Andrew Edgecliffe-Johnson, the Financial Times media editor (who was subbing for WSJ’s Walt Mossberg who was sick), asked panelists whether “tablets and e-readers are the future of media.” The question generated some interesting responses.
“Yes,” said George Colony, Forrester Research’s chairman and CEO. “These devices are the nexus of future media.”
John Ridding, the FT’s CEO, agreed that tablets are a game changer and a “very powerful business tool.” “You don’t need a cupboard or a kit [of devices],” he added. “You just need a tablet.”

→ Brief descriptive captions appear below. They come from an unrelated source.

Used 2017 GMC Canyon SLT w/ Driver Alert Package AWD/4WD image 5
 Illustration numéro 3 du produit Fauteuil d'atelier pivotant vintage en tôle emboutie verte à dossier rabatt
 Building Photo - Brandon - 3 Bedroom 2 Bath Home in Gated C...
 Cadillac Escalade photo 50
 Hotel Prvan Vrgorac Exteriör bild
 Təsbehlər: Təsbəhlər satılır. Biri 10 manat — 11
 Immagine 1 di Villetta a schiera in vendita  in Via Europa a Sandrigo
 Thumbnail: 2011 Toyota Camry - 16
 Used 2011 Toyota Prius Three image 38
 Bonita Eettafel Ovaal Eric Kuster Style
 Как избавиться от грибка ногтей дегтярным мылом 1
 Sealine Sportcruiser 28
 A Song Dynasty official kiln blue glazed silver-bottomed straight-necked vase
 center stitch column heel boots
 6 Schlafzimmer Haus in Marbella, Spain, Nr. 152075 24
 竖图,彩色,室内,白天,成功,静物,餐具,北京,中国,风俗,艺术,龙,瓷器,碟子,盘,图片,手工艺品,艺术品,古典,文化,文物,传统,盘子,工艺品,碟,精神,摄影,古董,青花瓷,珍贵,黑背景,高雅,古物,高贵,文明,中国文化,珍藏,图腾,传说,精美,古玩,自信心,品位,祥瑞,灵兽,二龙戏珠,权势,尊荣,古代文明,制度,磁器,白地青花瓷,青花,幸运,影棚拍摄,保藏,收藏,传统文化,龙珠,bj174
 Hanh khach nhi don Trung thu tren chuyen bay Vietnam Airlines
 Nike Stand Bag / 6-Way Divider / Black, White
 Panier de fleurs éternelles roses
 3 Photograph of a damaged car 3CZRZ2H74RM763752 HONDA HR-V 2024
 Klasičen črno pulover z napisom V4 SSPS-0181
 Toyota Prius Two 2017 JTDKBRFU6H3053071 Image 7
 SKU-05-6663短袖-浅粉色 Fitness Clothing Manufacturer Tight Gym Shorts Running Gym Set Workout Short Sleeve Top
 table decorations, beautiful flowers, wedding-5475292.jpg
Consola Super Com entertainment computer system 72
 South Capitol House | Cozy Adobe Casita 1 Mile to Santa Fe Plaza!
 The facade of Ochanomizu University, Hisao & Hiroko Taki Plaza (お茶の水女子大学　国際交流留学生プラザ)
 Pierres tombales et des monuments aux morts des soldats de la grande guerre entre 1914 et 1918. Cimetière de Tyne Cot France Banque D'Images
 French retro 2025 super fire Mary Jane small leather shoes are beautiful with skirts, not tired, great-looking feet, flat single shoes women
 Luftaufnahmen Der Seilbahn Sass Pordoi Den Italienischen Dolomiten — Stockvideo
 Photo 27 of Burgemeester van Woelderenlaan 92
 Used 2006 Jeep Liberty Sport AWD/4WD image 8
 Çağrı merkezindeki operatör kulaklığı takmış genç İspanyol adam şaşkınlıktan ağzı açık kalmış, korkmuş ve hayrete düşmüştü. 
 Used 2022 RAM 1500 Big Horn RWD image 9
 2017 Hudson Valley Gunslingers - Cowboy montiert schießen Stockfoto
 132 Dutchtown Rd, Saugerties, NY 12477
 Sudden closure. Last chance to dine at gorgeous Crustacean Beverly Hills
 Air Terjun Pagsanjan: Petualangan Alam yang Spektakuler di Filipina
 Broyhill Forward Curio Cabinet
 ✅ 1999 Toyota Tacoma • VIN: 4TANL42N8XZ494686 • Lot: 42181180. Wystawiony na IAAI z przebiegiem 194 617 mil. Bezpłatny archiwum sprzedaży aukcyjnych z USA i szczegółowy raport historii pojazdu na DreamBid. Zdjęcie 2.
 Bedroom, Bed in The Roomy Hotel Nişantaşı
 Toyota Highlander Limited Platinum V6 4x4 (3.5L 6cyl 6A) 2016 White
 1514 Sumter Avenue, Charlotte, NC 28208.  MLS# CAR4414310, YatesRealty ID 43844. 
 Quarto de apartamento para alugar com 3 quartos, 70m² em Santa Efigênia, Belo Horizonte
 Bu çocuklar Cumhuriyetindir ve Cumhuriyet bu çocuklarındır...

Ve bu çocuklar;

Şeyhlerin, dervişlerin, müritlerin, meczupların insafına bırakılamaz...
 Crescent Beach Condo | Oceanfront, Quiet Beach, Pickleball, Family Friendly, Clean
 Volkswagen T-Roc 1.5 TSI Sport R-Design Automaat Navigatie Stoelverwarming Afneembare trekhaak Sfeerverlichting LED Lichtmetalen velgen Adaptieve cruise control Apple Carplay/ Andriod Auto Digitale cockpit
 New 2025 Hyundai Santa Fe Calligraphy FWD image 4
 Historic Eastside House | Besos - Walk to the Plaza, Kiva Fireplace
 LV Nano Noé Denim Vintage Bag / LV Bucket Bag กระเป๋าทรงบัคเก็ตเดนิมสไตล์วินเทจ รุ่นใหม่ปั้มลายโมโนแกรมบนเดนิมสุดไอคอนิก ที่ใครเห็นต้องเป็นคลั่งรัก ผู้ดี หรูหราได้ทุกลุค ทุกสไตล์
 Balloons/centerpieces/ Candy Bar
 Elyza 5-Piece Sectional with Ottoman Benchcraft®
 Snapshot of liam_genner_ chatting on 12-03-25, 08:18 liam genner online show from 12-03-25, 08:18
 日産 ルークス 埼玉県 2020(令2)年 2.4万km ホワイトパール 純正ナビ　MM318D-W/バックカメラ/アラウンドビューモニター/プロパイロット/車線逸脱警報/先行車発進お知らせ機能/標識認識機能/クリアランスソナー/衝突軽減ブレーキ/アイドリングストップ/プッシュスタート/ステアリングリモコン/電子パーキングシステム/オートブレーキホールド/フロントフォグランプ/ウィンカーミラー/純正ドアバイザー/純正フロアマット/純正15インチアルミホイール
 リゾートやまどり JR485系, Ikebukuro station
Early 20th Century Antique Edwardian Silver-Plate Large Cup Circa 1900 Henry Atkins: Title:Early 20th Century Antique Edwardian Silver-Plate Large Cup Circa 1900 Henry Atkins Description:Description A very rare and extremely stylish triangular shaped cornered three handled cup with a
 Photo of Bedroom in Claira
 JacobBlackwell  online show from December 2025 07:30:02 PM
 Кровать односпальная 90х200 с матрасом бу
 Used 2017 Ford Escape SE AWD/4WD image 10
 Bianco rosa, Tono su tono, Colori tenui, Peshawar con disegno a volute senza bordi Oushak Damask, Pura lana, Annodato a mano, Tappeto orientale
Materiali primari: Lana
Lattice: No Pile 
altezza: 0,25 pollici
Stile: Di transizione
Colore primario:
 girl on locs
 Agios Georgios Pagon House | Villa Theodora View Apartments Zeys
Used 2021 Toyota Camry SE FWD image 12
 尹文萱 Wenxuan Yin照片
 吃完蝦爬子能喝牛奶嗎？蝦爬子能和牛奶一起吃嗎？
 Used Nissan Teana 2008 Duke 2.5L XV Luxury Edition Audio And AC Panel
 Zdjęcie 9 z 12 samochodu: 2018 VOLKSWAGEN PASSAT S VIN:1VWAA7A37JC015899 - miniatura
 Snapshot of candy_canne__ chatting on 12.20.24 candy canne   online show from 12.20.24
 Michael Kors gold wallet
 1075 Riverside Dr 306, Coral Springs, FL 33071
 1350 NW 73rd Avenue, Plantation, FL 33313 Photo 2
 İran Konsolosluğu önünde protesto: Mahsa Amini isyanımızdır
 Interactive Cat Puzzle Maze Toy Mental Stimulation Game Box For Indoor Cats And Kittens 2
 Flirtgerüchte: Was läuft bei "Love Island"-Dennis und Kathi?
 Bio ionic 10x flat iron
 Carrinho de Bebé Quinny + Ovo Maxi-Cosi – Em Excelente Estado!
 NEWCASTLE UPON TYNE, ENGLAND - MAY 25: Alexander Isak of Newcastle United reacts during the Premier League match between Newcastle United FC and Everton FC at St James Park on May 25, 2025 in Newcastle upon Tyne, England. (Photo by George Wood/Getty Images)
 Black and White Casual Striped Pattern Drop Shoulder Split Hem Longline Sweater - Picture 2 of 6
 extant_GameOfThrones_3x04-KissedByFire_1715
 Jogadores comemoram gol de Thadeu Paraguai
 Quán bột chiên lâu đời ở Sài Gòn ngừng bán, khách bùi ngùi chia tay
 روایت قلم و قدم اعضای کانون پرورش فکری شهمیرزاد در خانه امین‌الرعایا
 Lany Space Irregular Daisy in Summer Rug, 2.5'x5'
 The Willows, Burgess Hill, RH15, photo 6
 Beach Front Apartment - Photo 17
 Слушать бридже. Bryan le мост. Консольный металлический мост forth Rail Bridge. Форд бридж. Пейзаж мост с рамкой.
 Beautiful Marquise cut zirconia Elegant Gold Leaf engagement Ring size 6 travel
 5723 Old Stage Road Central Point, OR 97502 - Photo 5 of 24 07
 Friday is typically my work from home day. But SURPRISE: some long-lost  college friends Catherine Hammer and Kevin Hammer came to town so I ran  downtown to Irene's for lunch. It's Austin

Ridding also said that mobile devices are driving 20% of the FT’s new weekly subscriptions. The FT, in fact, has scored over 600,000 downloads of its iPhone app, which isn’t slowing down, he said.
However, Vivian Schiller, CEO of NPR, isn’t all gaga about tablets. NPR content, she said, is “aggressively deployed” on tablets and is also on e-readers and the HTML Internet. “The tablet is an incredibly important piece,” she said. “But it will never replace smaller, mobile devices.”
Colony, of Forrester, shocked some in the audience when he said that “the emerging model is app Internet. We think the Web is dead technology. It’s not the future of media architecture.”
He also thinks e-reader devices are dead. NPR‘s Schiller said she loves e-readers but admitted that NPR isn’t on them. See Folio’s take.
The conversation then turned to The Daily, the iPad daily newspaper launched by News Corp. and Apple. Edgecliffe-Johnson asked the Dealmakers audience how many had downloaded The Daily on Wednesday (the first day of its launch). Several, maybe 10 people, raised their hand.
“How many downloaded it today?” Edgecliffe-Johnson said. Only one person, that I could see, raised their hand.
FT‘s Edgecliffe-Johnson asked the audience, which was filled with print and private equity executives (plus investment bankers), if The Daily was the future of the media. “We will look at this as a major jump forward,” Colony of Forrester said.
But the FT’s Ridding disagreed. “No,” he said. “In a very crowded media market, The Daily is a new title.”
Ridding also believes that Murdoch was “very timid” on The Daily’s pricing. Subscribers pay 99 cents a week, or $39.99 a year. Young people, Ridding said, haven’t had to pay for news. “Why should they?” he said. “You need to have a business model that would require them to pay.” Later, Ridding told me that he believes “good journalism is worth paying for,” but he wouldn’t say how much he would charge for The Daily.
Schiller, of NPR, said the newspaper has a fatal flaw. The Daily, which claims to provide the best news experience, doesn’t bother to provide updates to readers. “Unless they change that I don’t want to read it,” she said.
(CORRECTION: John Ridding’s name was misspelled in the original version of this story.)